Copy exactly the lines of the records below, starting at the line that contains "Skoda Octavia II" and continuing through the last line, both included; omit any pictures.

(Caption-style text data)
****
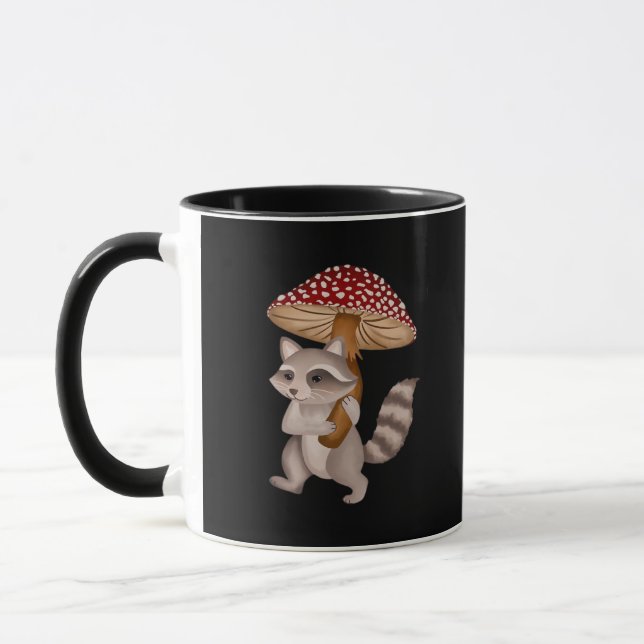 Caneca Conrad O Guaxinim Clássico (Esquerda)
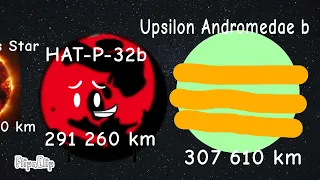 ULTIMATE Size Comparison 2022 (Part 14) 102 000 km - 973 700 km 3D 4K 60FPS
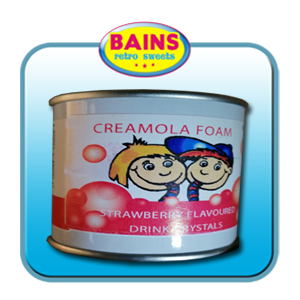 Creamola Foam - Strawberry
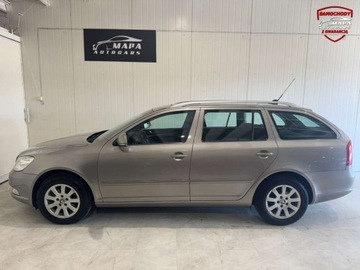 Skoda Octavia II Kombi 1.4 TSI 122KM 2009 Skoda Octavia Rej PL DSG Klimatronic Szyberdach Grzane fotele Hak Serwis G, zdjęcie 3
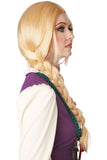 Soft Blonde Braids Wig California Costume 7021-207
****
#### Response box:
 Skoda Octavia II Kombi 1.4 TSI 122KM 2009 Skoda Octavia Rej PL DSG Klimatronic Szyberdach Grzane fotele Hak Serwis G, zdjęcie 3
 Soft Blonde Braids Wig California Costume 7021-207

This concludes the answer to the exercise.